:: The task ::
As you write out the lines from the one containing "Exceptional Chinese Export" through the last line of the records, keep them exact and leave out pictures.

Web page caption snippets
━━━━━━━━━━━━━━━━━━━━

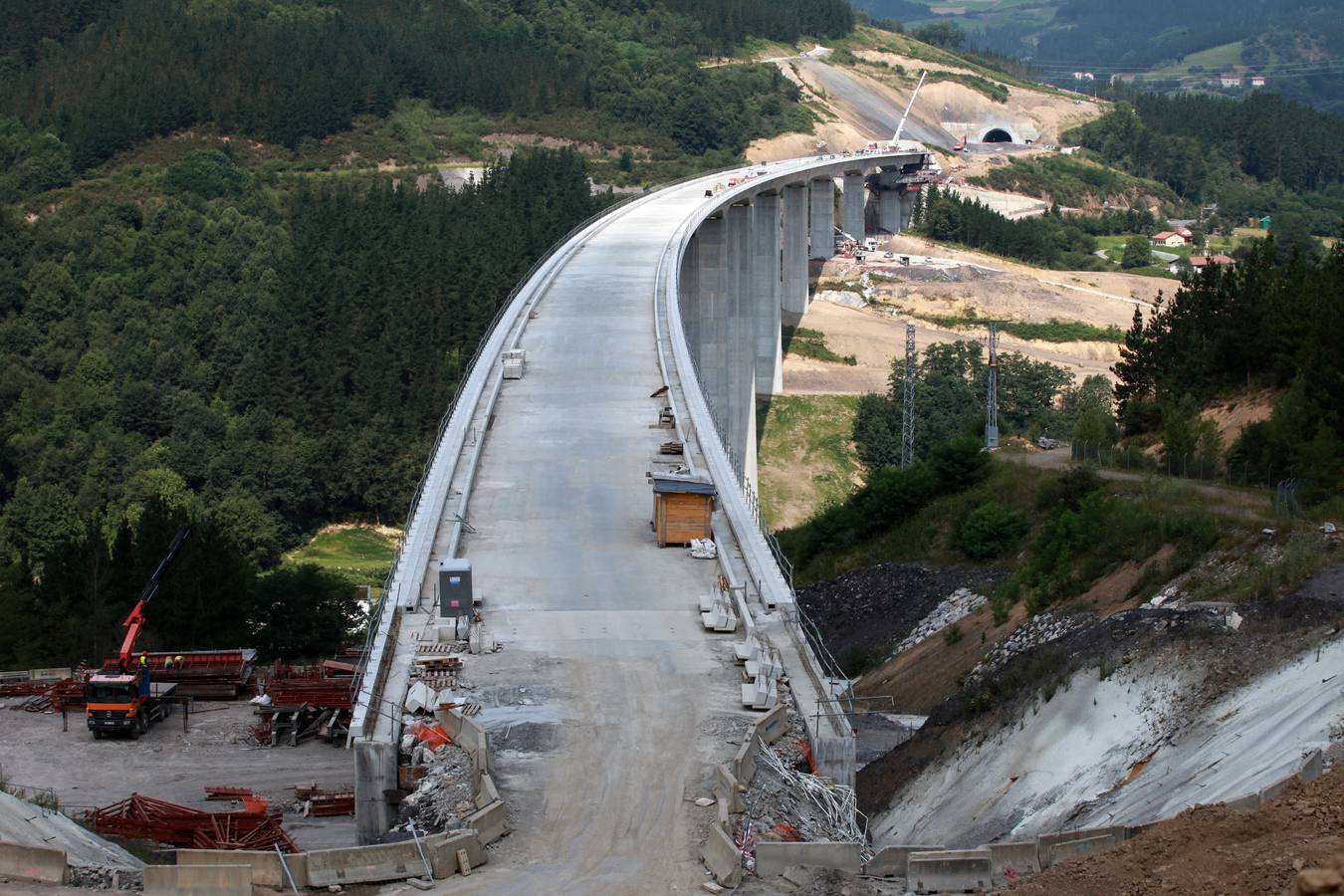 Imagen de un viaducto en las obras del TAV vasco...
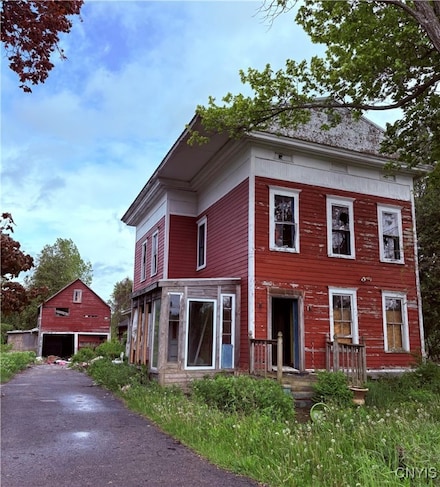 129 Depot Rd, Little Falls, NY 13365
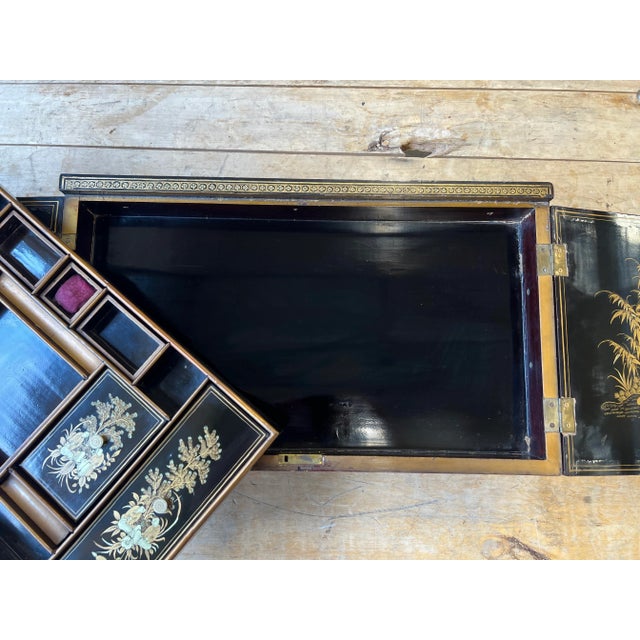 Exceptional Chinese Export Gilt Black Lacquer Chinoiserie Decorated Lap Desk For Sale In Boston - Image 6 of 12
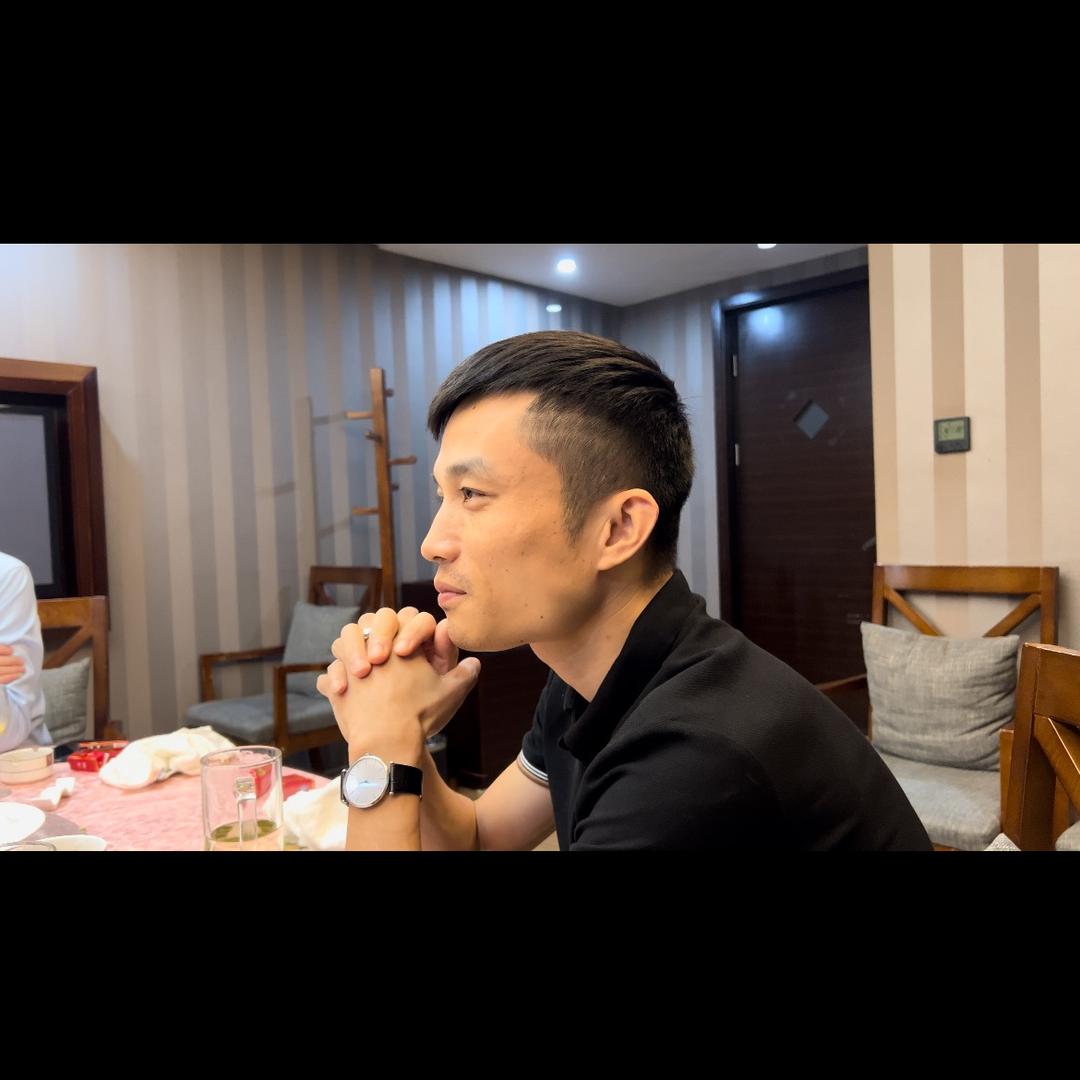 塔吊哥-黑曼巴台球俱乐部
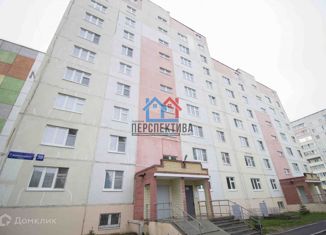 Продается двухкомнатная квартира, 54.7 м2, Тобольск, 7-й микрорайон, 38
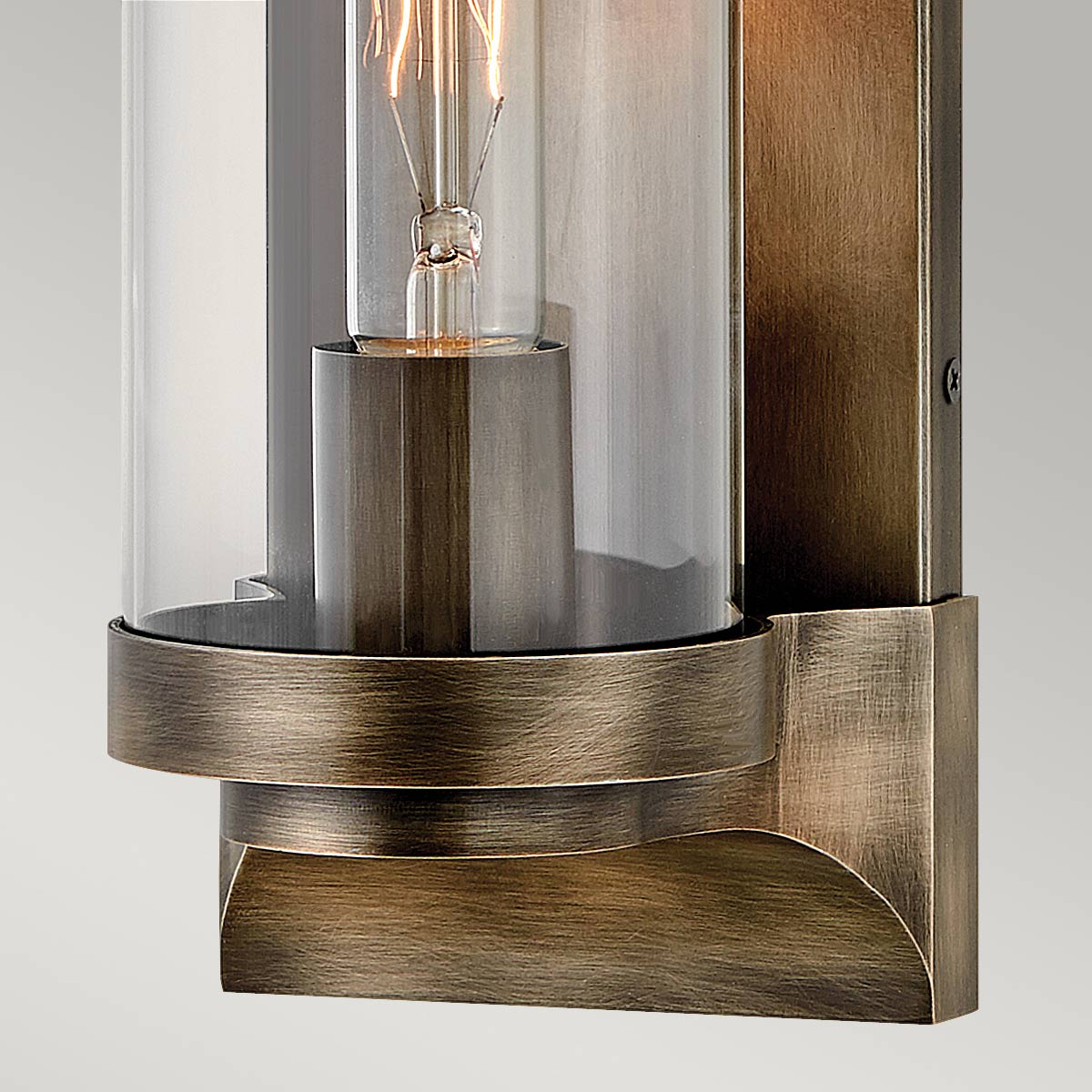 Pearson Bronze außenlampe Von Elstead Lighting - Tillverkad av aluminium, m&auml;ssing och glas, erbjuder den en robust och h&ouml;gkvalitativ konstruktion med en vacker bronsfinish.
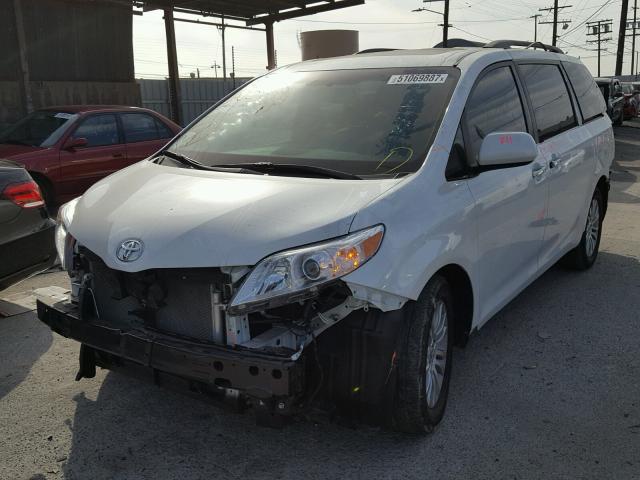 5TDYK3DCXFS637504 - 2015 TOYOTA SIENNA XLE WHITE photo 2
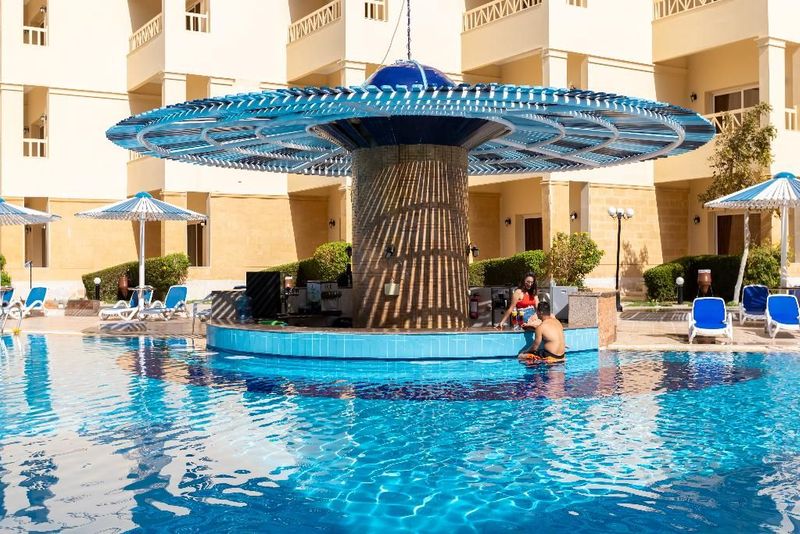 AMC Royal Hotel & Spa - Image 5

━━━━━━━━━━━━━━━━━━━━

:: Written response ::
 Exceptional Chinese Export Gilt Black Lacquer Chinoiserie Decorated Lap Desk For Sale In Boston - Image 6 of 12
 塔吊哥-黑曼巴台球俱乐部
 Продается двухкомнатная квартира, 54.7 м2, Тобольск, 7-й микрорайон, 38
 Pearson Bronze außenlampe Von Elstead Lighting - Tillverkad av aluminium, m&auml;ssing och glas, erbjuder den en robust och h&ouml;gkvalitativ konstruktion med en vacker bronsfinish.
 5TDYK3DCXFS637504 - 2015 TOYOTA SIENNA XLE WHITE photo 2
 AMC Royal Hotel & Spa - Image 5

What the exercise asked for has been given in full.